Il ne faut jamais oublier que Paul, de son vrai nom Saül de Tarse, un pharisien fanatique, a fortement combattu Jésus, ses véritables apôtres et les premiers fidèles avant de se « convertir » lui-même. Mais cette conversion n'était qu'une tactique de sa part pour mieux détruire le message christique. Il n'a jamais connu, ni même croisé Jésus.
C'est bien cet énergumène (avec l'aide de Barnabé), sanctifié par l'Église, qui a rejeté la LOI que Jésus a appelé à respecter pour ne retenir que la FOI. Une FOI sans substance ; car comment croire en Dieu sans croire à ses commandements et sans les appliquer. ? Il ne peut exister de FOI sans LOI !
Paul est par conséquent le premier « Grand Falsificateur du Message » et l'Église, sa création, n'a fait que poursuivre l'ouvrage de son maître, inspiré par Satan.
Que dire par conséquent de tous ces hommes qui se pavanent à la tête de l'Église ? Quel est leur légitimité religieuse ? Qui représentent-ils ? De quel droit se permettent-ils « d'adapter » l'Évangile aux circonstances du moment ou au gré des « revendications » d'une certaine communauté religieuse ? N'est-ce pas là le plus infâme des péchés ?

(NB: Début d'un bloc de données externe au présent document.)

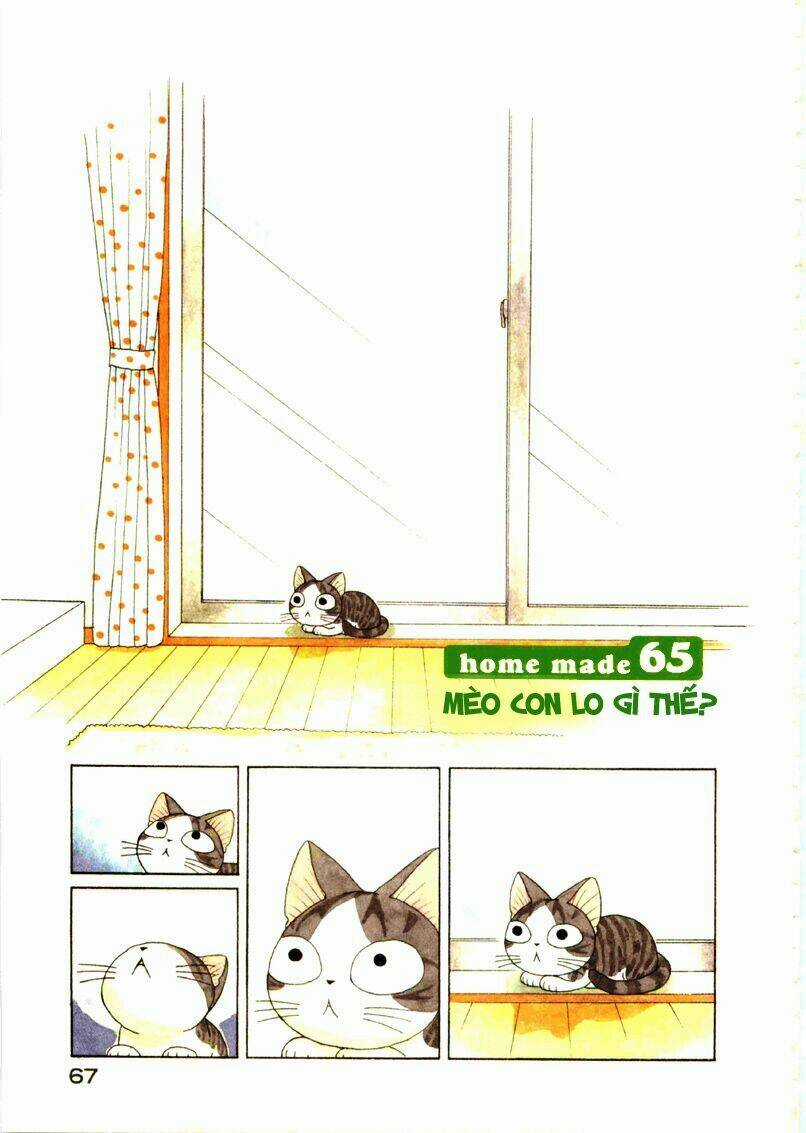 Chi's Sweet Home - Chapter 65 - Trang 2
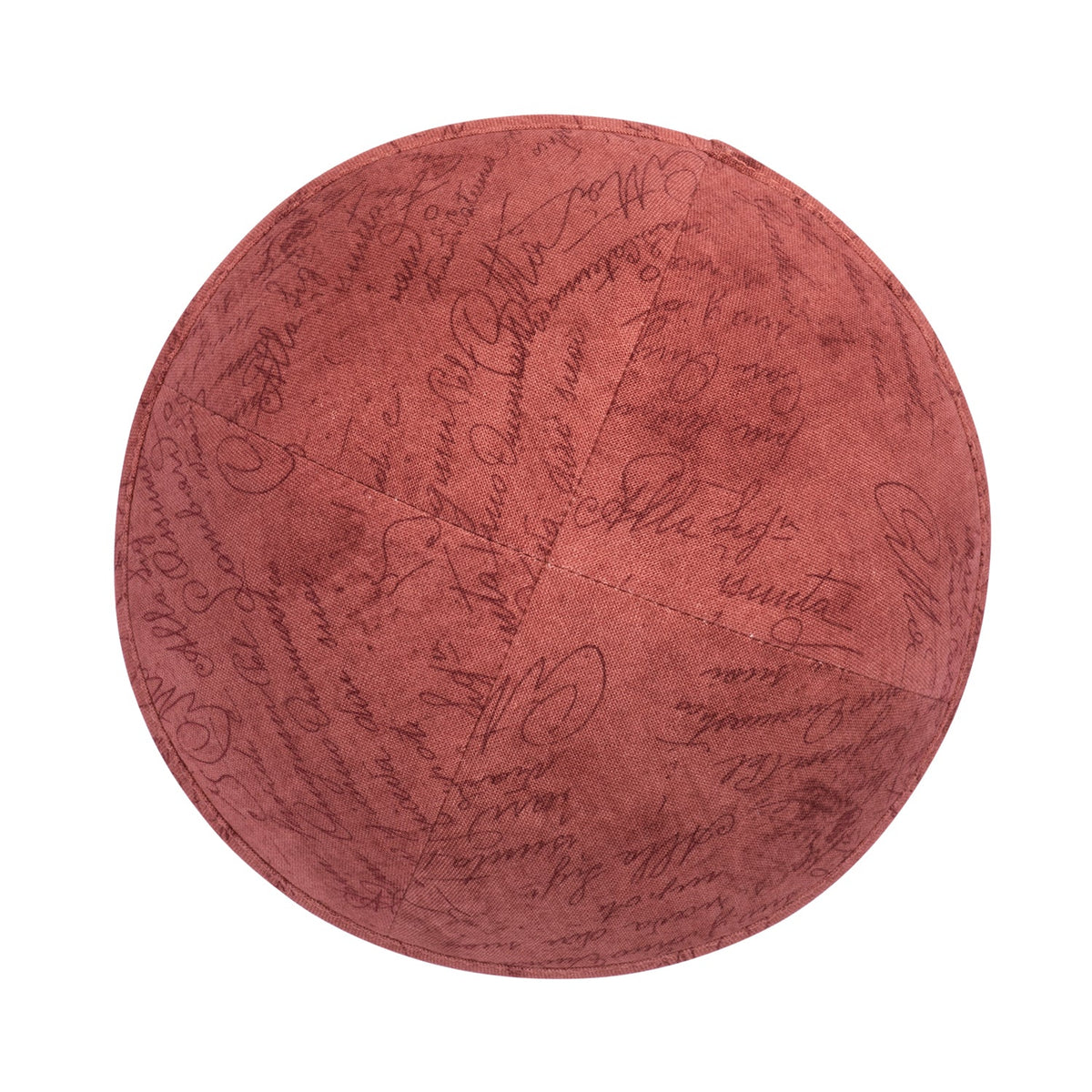 iKippah Pen Pal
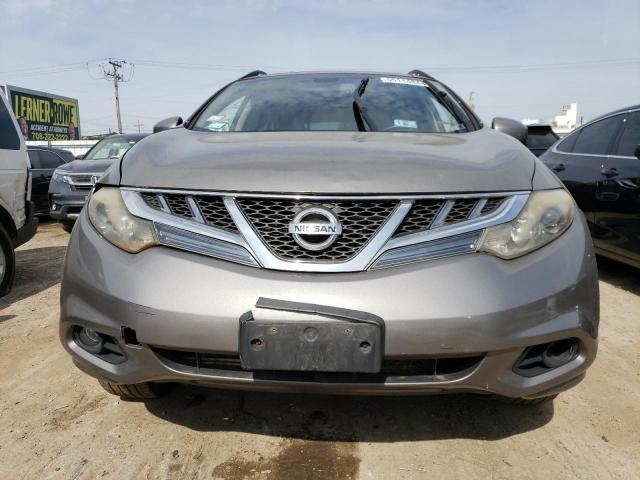 Photo 4 VIN: JN8AZ1MW2CW239084 - NISSAN MURANO 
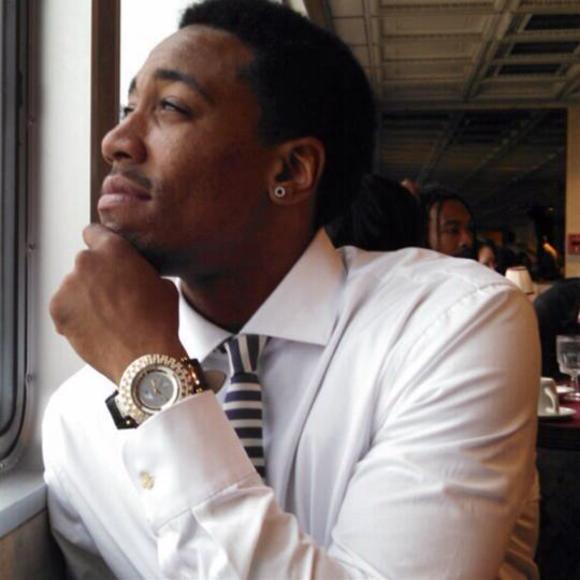 Meet your Posher, Matthew - Picture 1 of 1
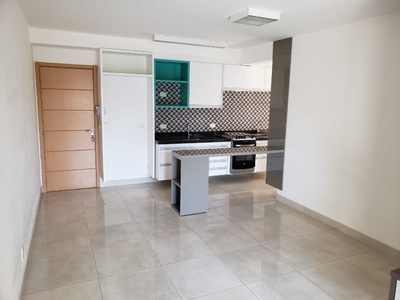 Apartamento em Vila Nova Cidade Universitária, Bauru/SP de 65m² 2 quartos para locação R$ 2.200,00/mes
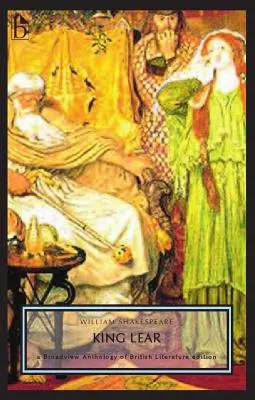 Král Lear - King Lear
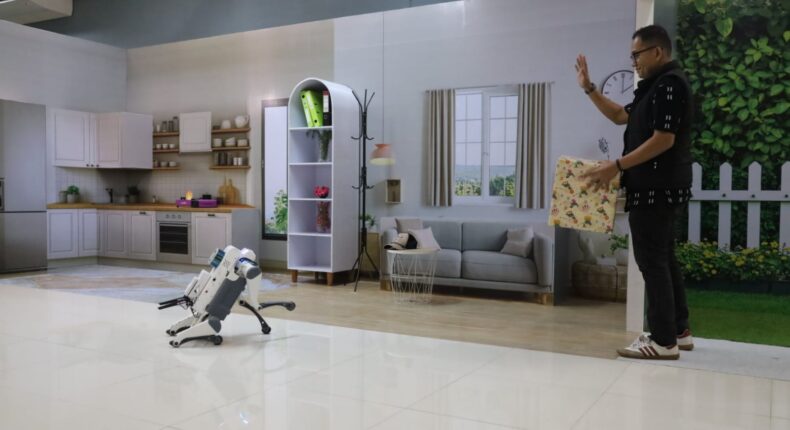 foto slider headline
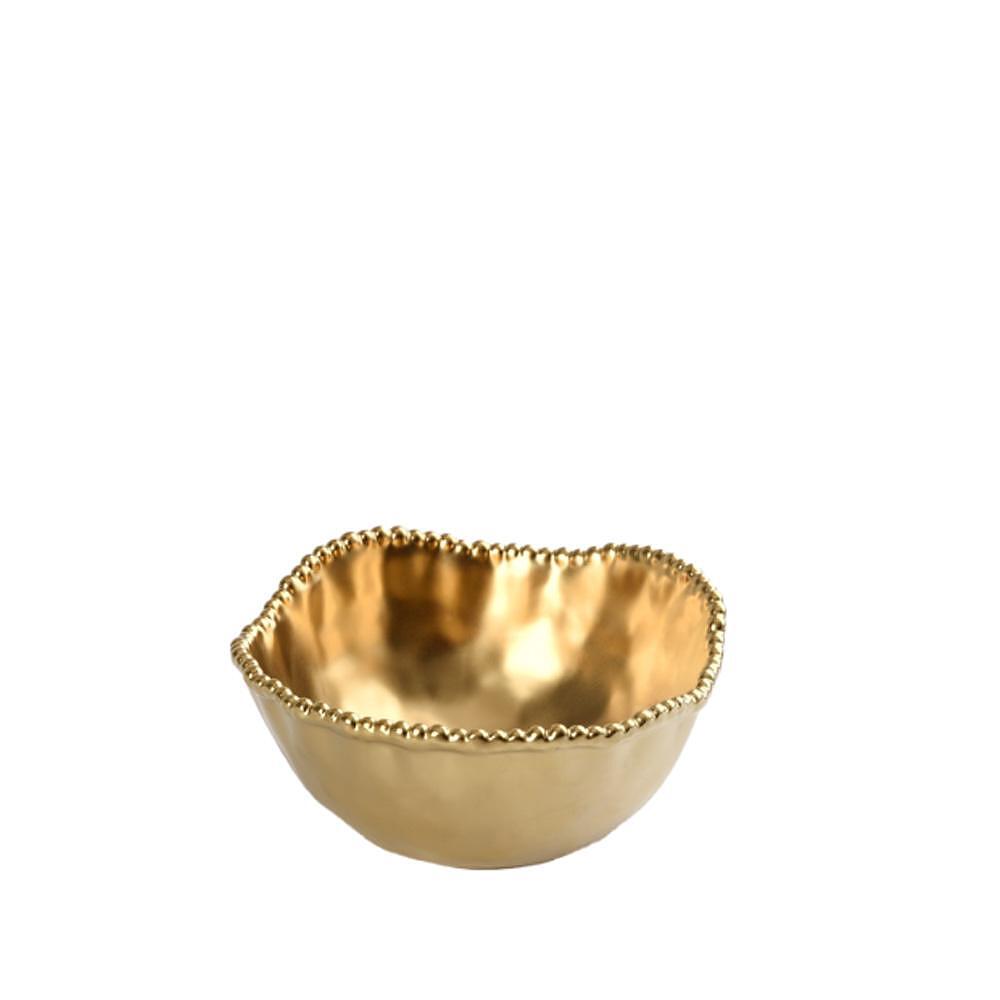 ДЪЛБОКА КУПА MONTE CARLO GOLD 21,5X10 PAMPA BAY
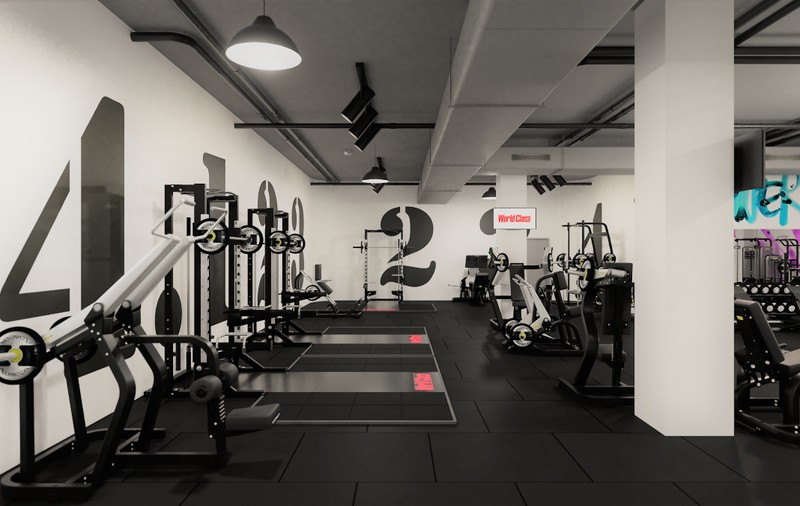 Rețeaua de health & fitness World Class estimează venituri de 38 de milioane de euro până la sfârșitul anului 2019 (PUBLICITATE)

L'Église nous affirme, contre toute vraisemblance et toute rationalité, que Jésus est Fils de Dieu et Dieu Lui-même. Pourquoi alors avec une telle puissance demeure-t-Il impuissant face à ces apostats qui crachent sur Ses commandements ?
En vérité, tous ces papes, ces cardinaux, ces évêques ne sont que des vicaires de Satan, ordonnés pour nous berner, nous tromper et nous écarter du Royaume de Dieu que Jésus nous a promis.